Backup copies of the phenotypic data files, along with archived files that are no longer in current use, are stored separately on the TEDS archive server, located on the KCL network. This storage is devoted to TEDS data and is not shared; it is accessible only by TEDS admin staff. Files stored here include old versions of datasets, datasets merged and prepared for specific projects and old scripts. This storage is also used for various backup files including the genotypic data.

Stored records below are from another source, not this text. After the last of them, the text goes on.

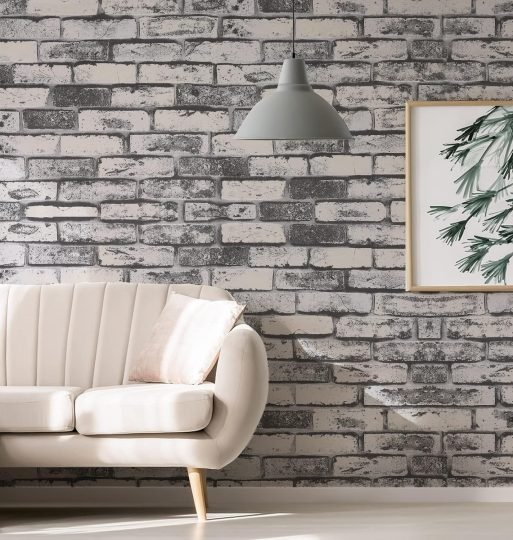 634d1626ed6d1645d07494cb-brick-wallpaper-peel-and-stick-15-7-in-x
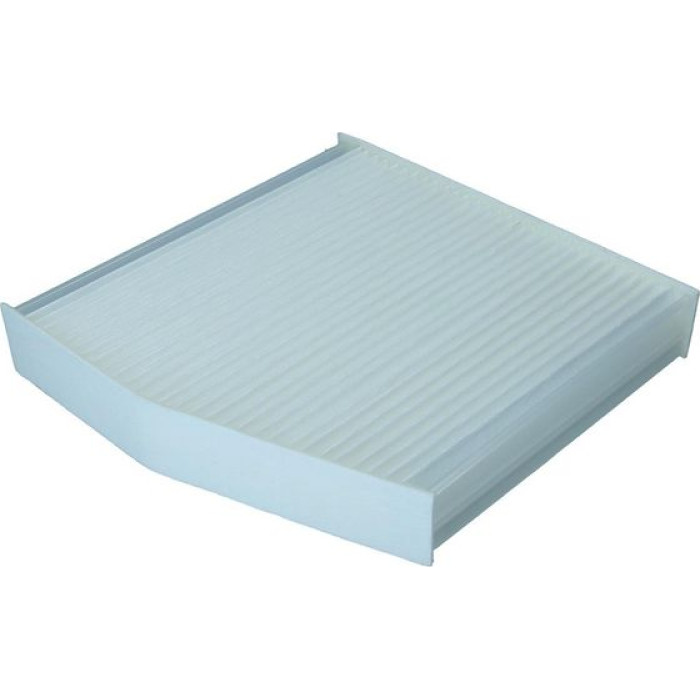 Kamoka Innenraumfilter F422001 Kamoka Innenraumfilter F422001
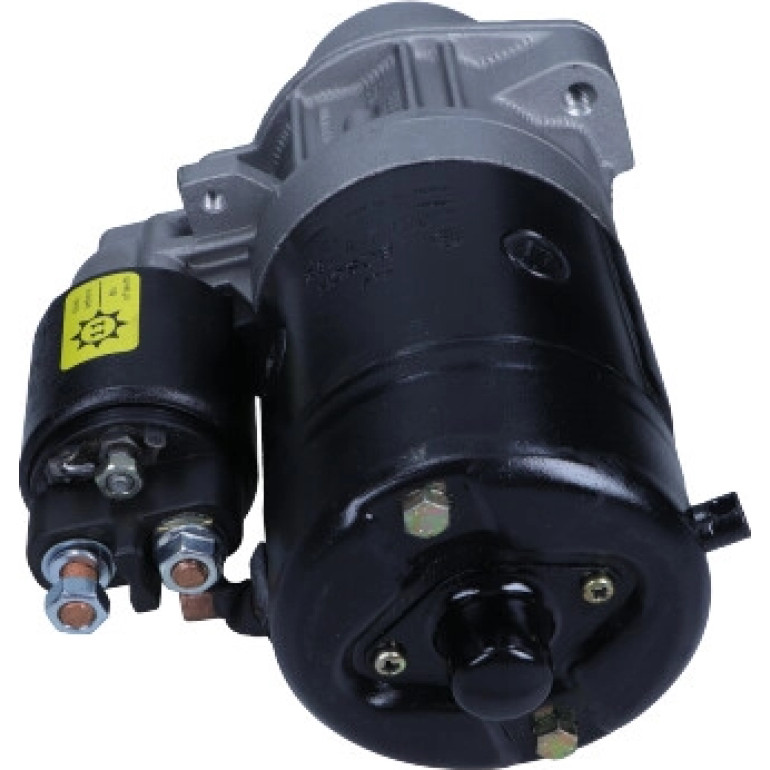 Anlasser STA0398R Anlasser STA0398R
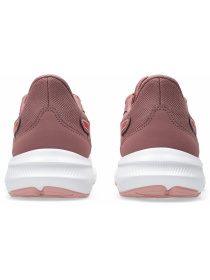 Кросівки повсякденні Asics Jolt 4 gs модель 1014A300-602 Фото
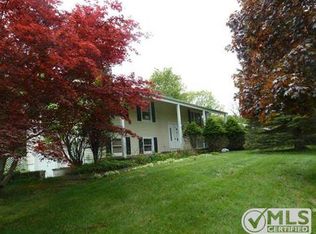 6 Tina Dr, Lloyd, NY 12528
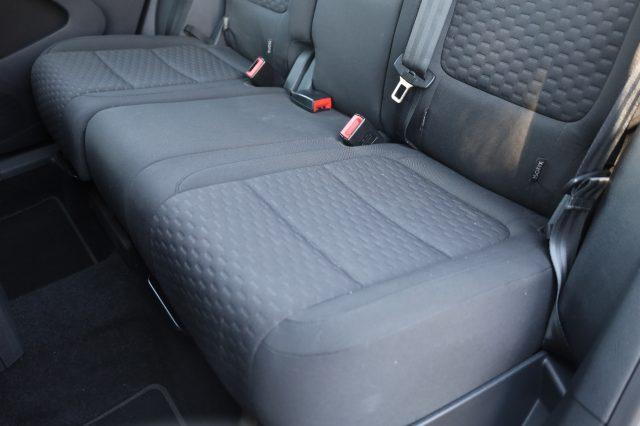 VOLKSWAGEN Tiguan 2.0 16V TDI DPF 4MOTION 4x4 UniPropr Tagliandi VW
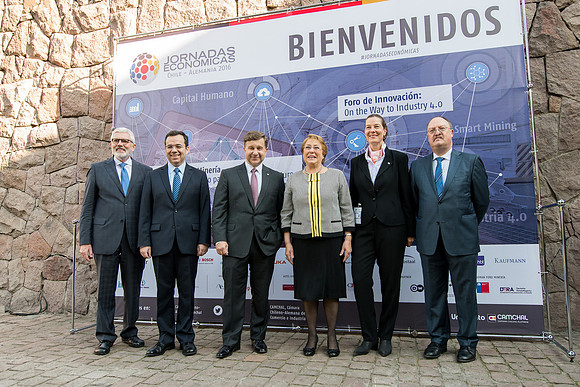 2016.10.04 | Jornadas Económicas 2016 | 057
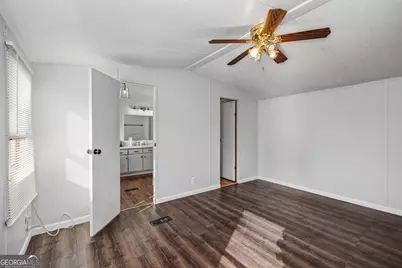 73 Lillian Circle, Stockbridge, GA 30281 - Photo 8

Organisation of data files
The TEDS phenotypic data files are stored within the \SYSTEM\ folder as mentioned above. The files are organized as follows:
This folder contains the raw data collected during each of the main TEDS studies. Wherever possible, the un-cleaned raw data files, in their original formats, have been saved for future reference. However in all cases, copies of the cleaned raw data are also saved formats (typically .csv text files) that can be used more directly to build the analysis datasets.
This folder contains the datasets that are directly used for analysis. There are also sub-directories containing some of the working files that are produced during the creation of the analysis datasets. These are generally SPSS data files.
This folder contains the syntax files (scripts) that are used to convert the cleaned raw data into the analysis dataset for each study.
Each of these three folders contains a set of sub-directories, one for each TEDS study: \1c\ (1st Contact), \2yr\ (2 Year), and so on.
The processes used to convert the original raw phenotypic data into the final analysis datasets are as follows, in most cases:
- Code and enter the original data to create electronic files of uncleaned raw data.
- Clean the raw data, using copies of the data files so as to leave the original raw data unchanged.
- Aggregate and store the cleaned raw data in an Access database file.
- Before making a new version of a dataset, export cleaned raw data from the Access database into csv text files.
- Use the scripts to import the csv data files into SPSS, and then to carry out further processing to build the analysis dataset.
All the steps above are documented (both in this data dictionary and elsewhere). Steps 4 and 5 are easily repeatable, and are designed to allow each dataset easily to be re-made at appropriate times (for example, after addition of new raw data, after further cleaning of the raw data, or after changes to the scripts). The earlier steps, 1 to 3, are repeatable in theory, although this might be extremely time-consuming and difficult in practice. Not all of the original records of the raw data have been retained, particularly from the earliest TEDS studies.
Raw data files
The raw data folder for each study (e.g. \SYSTEM\Rawdata\7yr\ for the 7 Year study) generally contains the following files and folders. For more details for a given study, follow the link at the top left of this page.
- An Access database file (e.g. 7yr.accdb
for the 7 Year study).
This database contains the cleaned and aggregated raw data from the study, usually divided into various tables for various components of the data. These components typically include various booklets and questionnaires and a record of admin data such as return dates (but not web test data). The Access database also contains queries and macros to enable the data conveniently to be exported for building the analysis dataset.
- \Export\ sub-directory.
This folder contains csv files of cleaned raw data, which have been exported from the Access database. The scripts convert these files into the analysis dataset.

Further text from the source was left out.